Canada’s largest province has said that a software error breached the privacy of hundreds of people.
In a statement released to local media, officials in Ontario said that 720 benefits forms, which included details such as social security numbers, were mailed to the wrong recipients. The error, they claimed, was due to an IBM-built interface that pulled data from the province’s Social Assistance Management System (SAMS).
Amber Anderson, a spokesperson at the Social Services ministry, told the Toronto Star newspaper that the error was “not an issue with SAMS data or its functionality” but was caused by the interface “pulling old data from SAMS instead of up-to-date information”. Opposition politicians said the error jeopardised the benefits and tax rebates of hundreds of families.

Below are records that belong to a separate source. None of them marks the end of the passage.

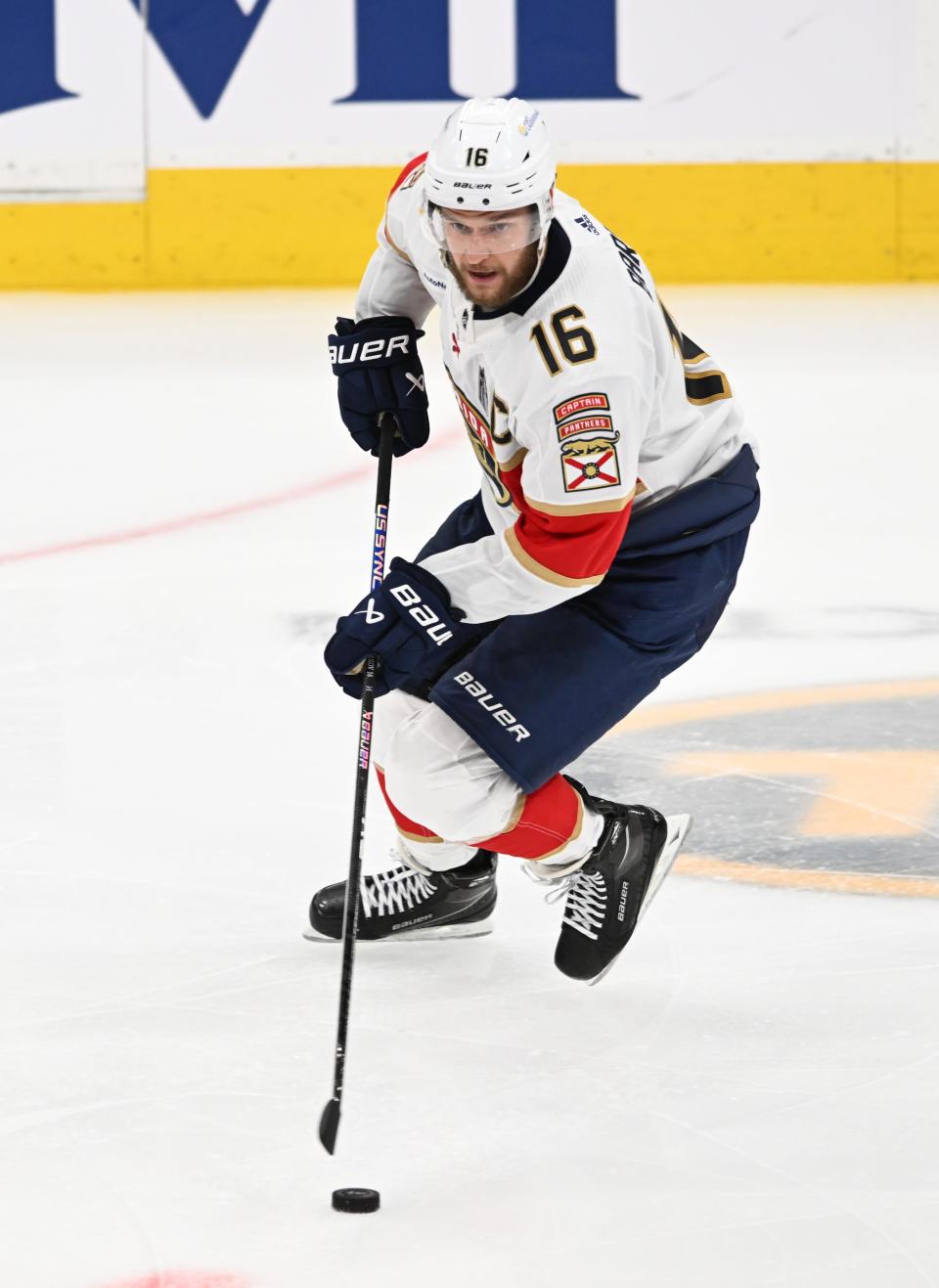 June 21, 2024; Edmonton, Alberta, CAN; Florida Panthers center Aleksander Barkov (16) skates with the puck against the Edmonton Oilers in the second period in game six of the 2024 Stanley Cup Final at Rogers Place. Mandatory Credit: Walter Tychnowicz-USA TODAY Sports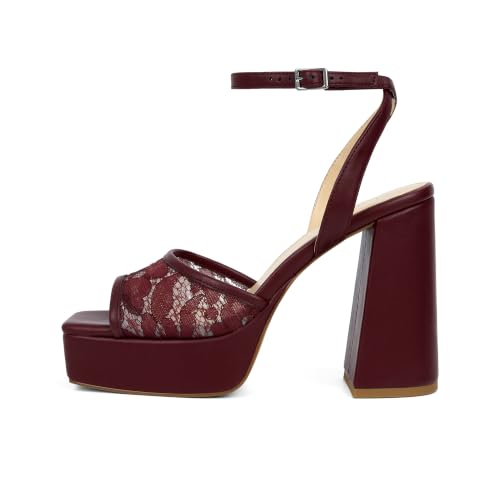 Image of Modatope Platform Heels for Women Chunky Heel Open Toe Ankle Strap Sandals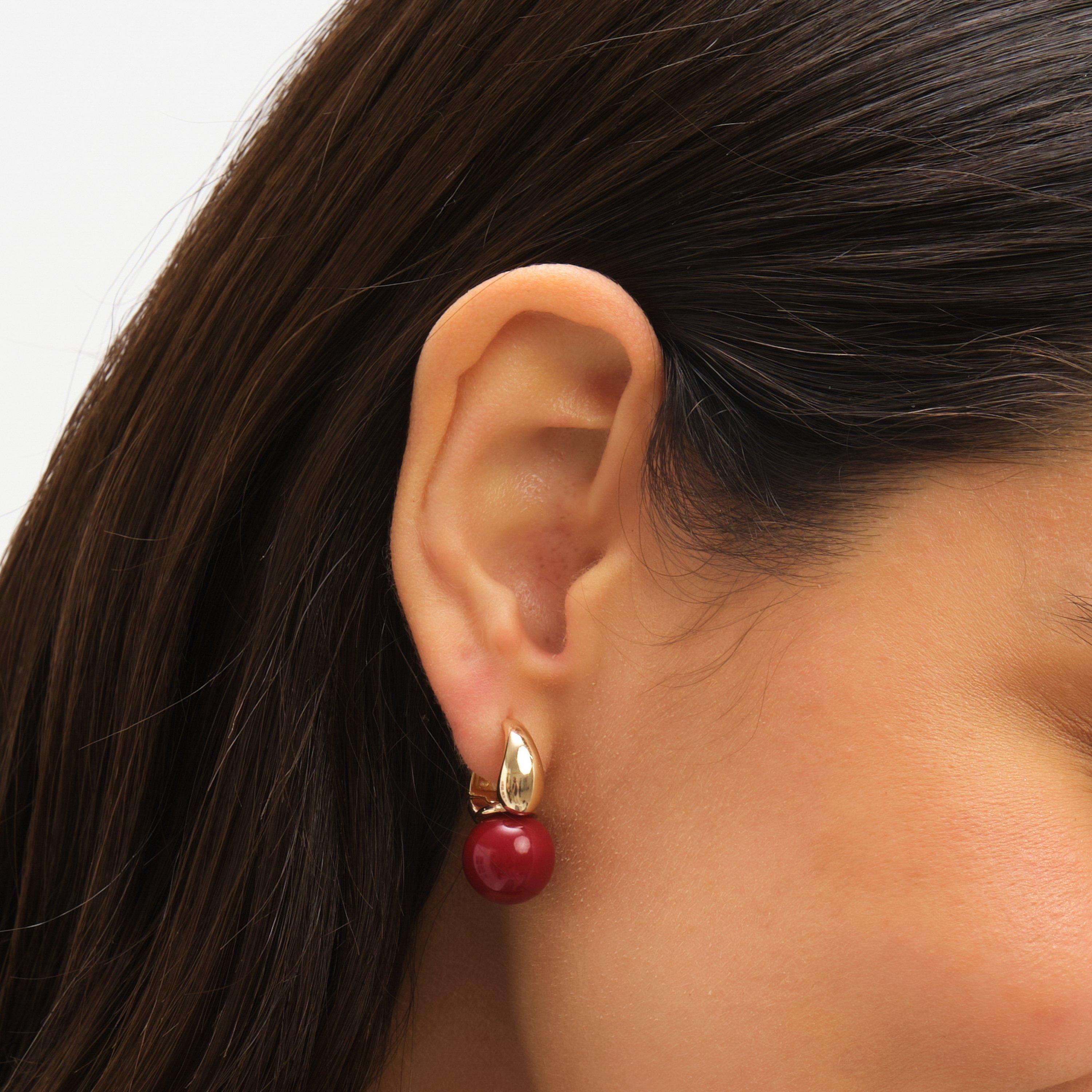 Gold - Jon Richard - Gold Plated And Red Bead Earrings - 4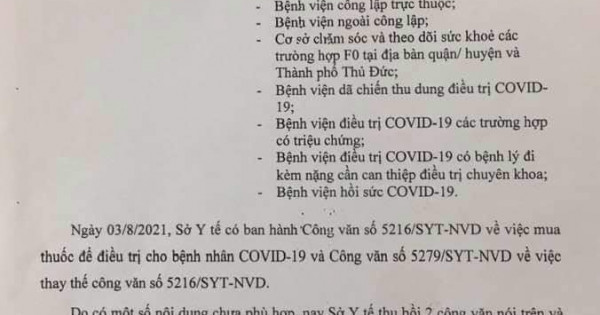 Sở Y tế TP Hồ Chí Minh thu hồi cả 2 văn bản giới thiệu mua thuốc điều trị Covid-19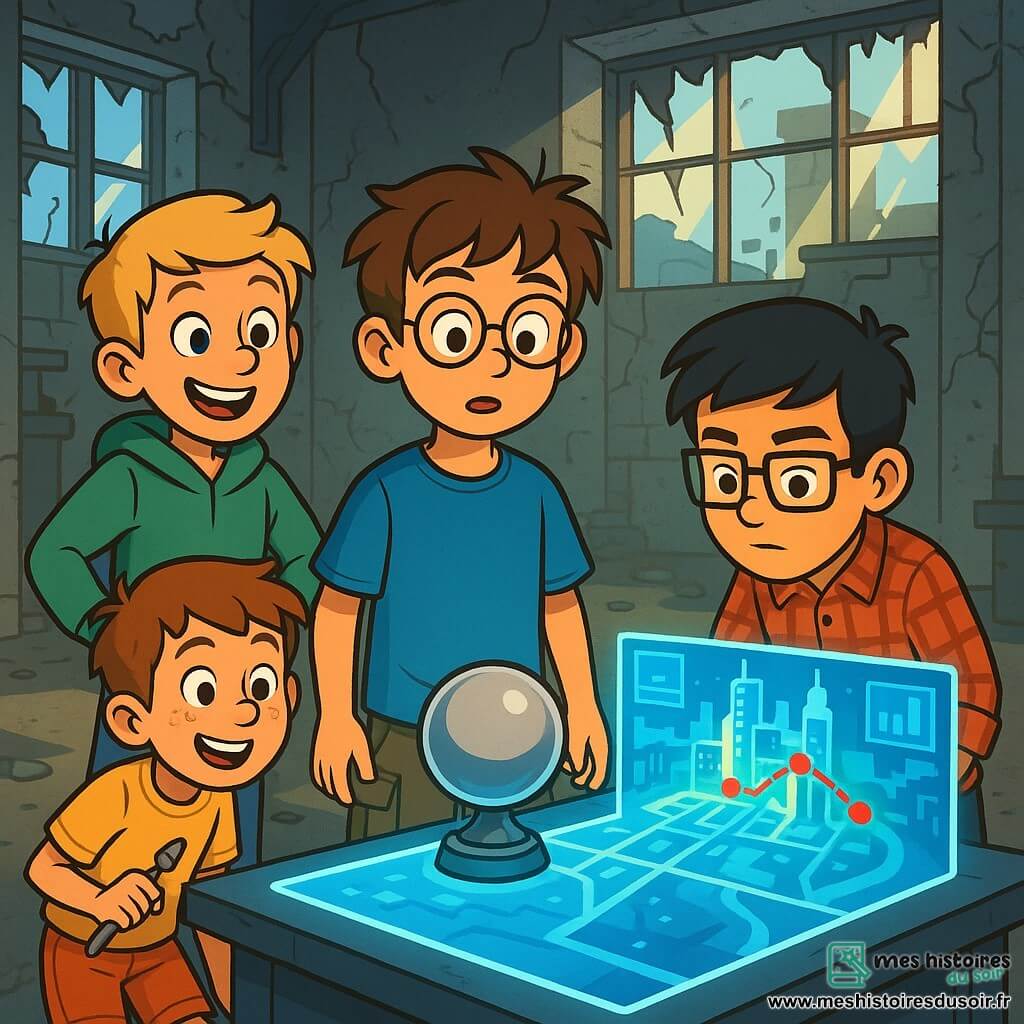 Quatre enfants se trouvent dans une vieille usine abandonnée. Axel, 12 ans, a des cheveux bruns en bataille et des lunettes rondes, vêtu d'un t-shirt bleu et d'un short cargo, il observe avec curiosité une sphère argentée sur une table lumineuse. Léo, également 12 ans, a des cheveux blonds et porte un sweat à capuche vert et un jean, il se tient à gauche d'Axel, souriant d'excitation. Tim, avec des cheveux noirs et des lunettes rectangulaires, porte une chemise à carreaux rouge et un pantalon noir, penché sur la table à droite d'Axel, il scrute les hologrammes projetés. Max, avec des cheveux châtains et des taches de rousseur, est derrière Axel, habillé d'un t-shirt jaune et d'un short, les yeux écarquillés, tenant un petit outil. La salle est éclairée par des hologrammes colorés et une sphère argentée, affichant une carte holographique de leur ville, Néoterra, avec des points rouges clignotants pour un parcours à suivre. Les enfants, fascinés, sont prêts pour une nouvelle aventure.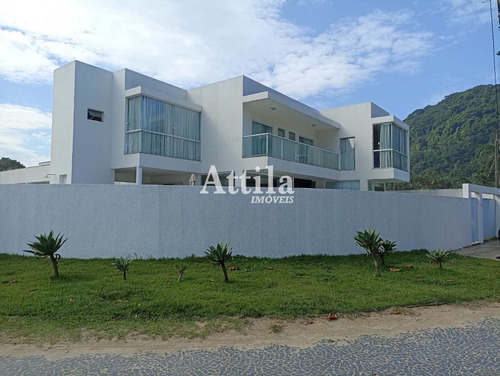 Imagem 2 de 30 de Casa Frente Mar, 4 Suítes, Varanda, Lazer, 4 Vagas - V4068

This was not the first problem encountered by SAMS, which is based on IBM’s off-the-shelf Cúram platform and took four years to develop. In November the system distributed overpayments worth C$20 million to 17,000 people, in what officials termed a “glitch”. Social Services minister Helena Jaczek subsequently announced that external consultants would be brought in to assess the implementation of SAMS.
This did little to appease her critics, who argued that SAMS was rolled out before it had been adequately tested. Warren “Smokey” Thomas, the president of the Ontario Public Service Employees Union, said that Jaczek had “ignored” the advice of frontline employees who said the system was unfit for operation at launch. Thousands of unionised public officials are now receiving overtime payments to overcome its alleged deficiencies.
“I find it odd and misguided that they’re bringing in a private-sector third party to clean up a mess created by outsourcing the job to IBM in the first place,” Thomas said. “In fact I would go one step further and file a lawsuit against IBM for its gross incompetence in developing the SAMS program.” The union described the system problems as a “meltdown”.
It should be noted that SAMS’ predecessor also had teething problems. The Toronto Star reported that the previous Accenture-built SDMT system encountered major cost overruns and attracted criticism in 2002 for making over- and under-payments. The paper quoted John Stapleton, Innovations Fellow at the Metcalf Foundation and a former social assistance specialist with the Ontario government, who said that software development processes themselves were out of kilter with the needs of the ministry.
“If you’re a code jockey and you’re trying to write code for a new system, you need a yes or no answer,” Stapleton said. “But that’s not the way welfare works. Welfare is a whole web of discretionary decision making that no code jockey is ever going to be able to deal with.”